The database module stores interrelationships between terms and communication history. The I/O module communicates the interrelationships to a plurality of users. In addition, the I/O module receives selected hierarchical interrelationships from the users. The integration module creates weighted directed graphs of terms and selected interrelationships according to an integration policy. The category ranking module may create rank of terms by using data from the weighted directed graphs. The cycle-breaking module breaks any cycles in the graphs. The selection module creates a hierarchical structure from the graphs by selecting one primary parent node (parent category) for each node (term) in the graphs. The method generates hierarchical categories from collection of related terms.

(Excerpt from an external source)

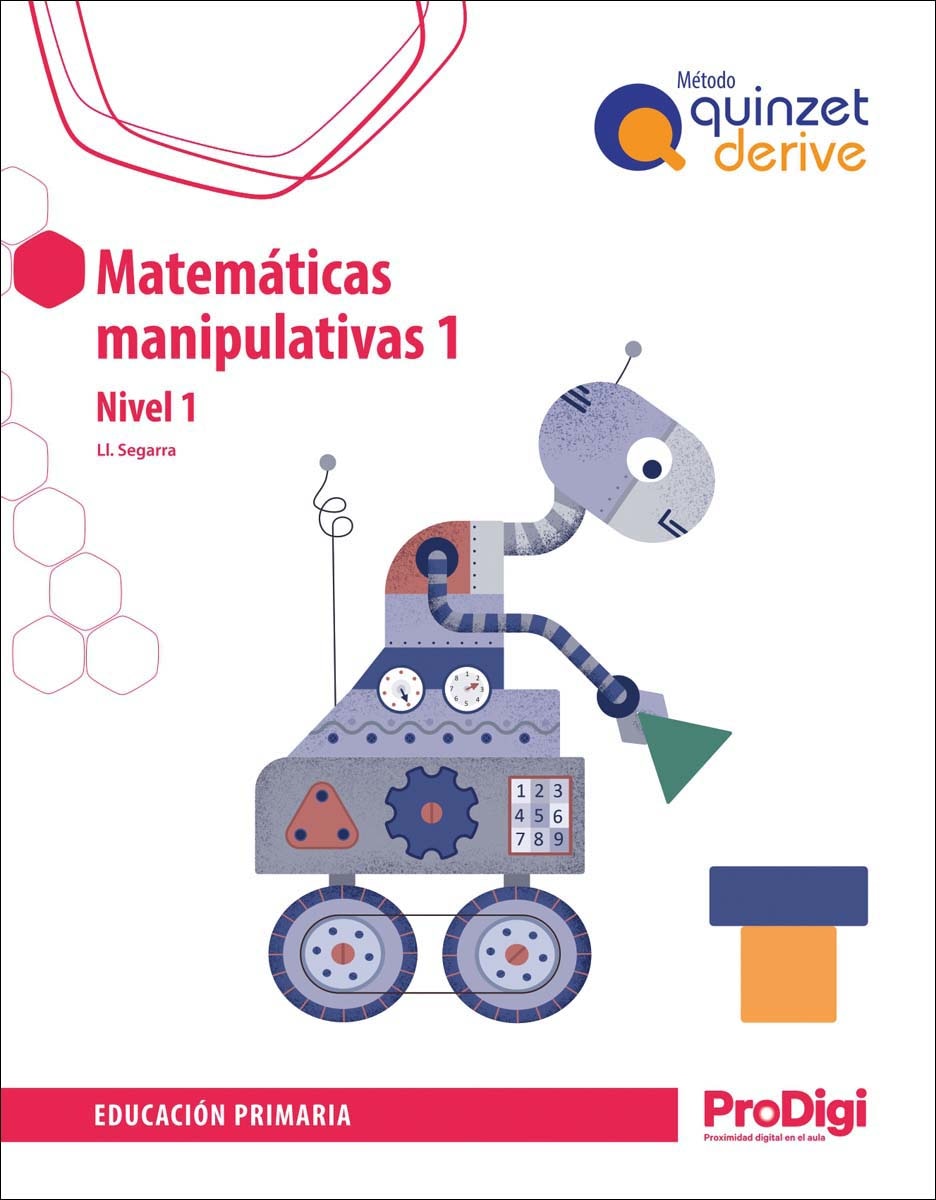 Portada de Matemáticas manipulativas 1º EP – Quinzet Derive - Prodigi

References throughout this specification to features, advantages, or similar language do not imply that all of the features and advantages that may be realized with the present invention should be or are in any single embodiment of the invention. Rather, language referring to the features and advantages is understood to mean that a specific feature, advantage, or characteristic described in connection with an embodiment is included in at least one embodiment of the present invention. Thus, discussion of the features and advantages, and similar language, throughout this specification may, but do not necessarily, refer to the same embodiment.

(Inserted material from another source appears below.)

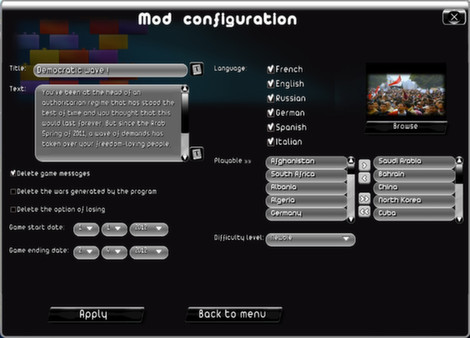 Modding Tool add-on for Rulers of Nations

Furthermore, the described features, advantages, and characteristics of the invention may be combined in any suitable manner in one or more embodiments. One skilled in the relevant art will recognize that the invention may be practiced without one or more of the specific features or advantages of a particular embodiment. In other instances, additional features and advantages may be recognized in certain embodiments that may not be present in all embodiments of the invention.

The embodiment of the present invention generates hierarchical categories from collection of related terms. In addition, the present invention may increase quality, dynamism, and flexibility of hierarchical category structure. These features and advantages of the present invention will become more fully apparent from the following description and appended claims, or may be learned by the practice of the invention as set forth hereinafter.

DEFINITIONS

Hierarchy is a form of organizational structure in which each node has one and only one “parent” node, except the “top” or “root” node, which has none.

Polyhierarchy is a directed acyclic graph or a partially ordered set. A Polyhierarchy (or multi-hierarchy) is like a hierarchy, but nodes can have multiple parents.

Keywen structure (keywen hierarchy) is a polyhierarchy which comprises one preferred tree that comprises all nodes of the polyhierarchy. Keywen structure was first described in the book “Keywen Category Structure”.

Directed graphs—applies to any graph problem where there are nodes and information for each node indicating other reachable nodes. The term “directed graph” as used herein is generic to any data set which defines such a problem.

Database is a directed graph wherein the data is in tabular form and wherein the records thereof include information interrelating the records.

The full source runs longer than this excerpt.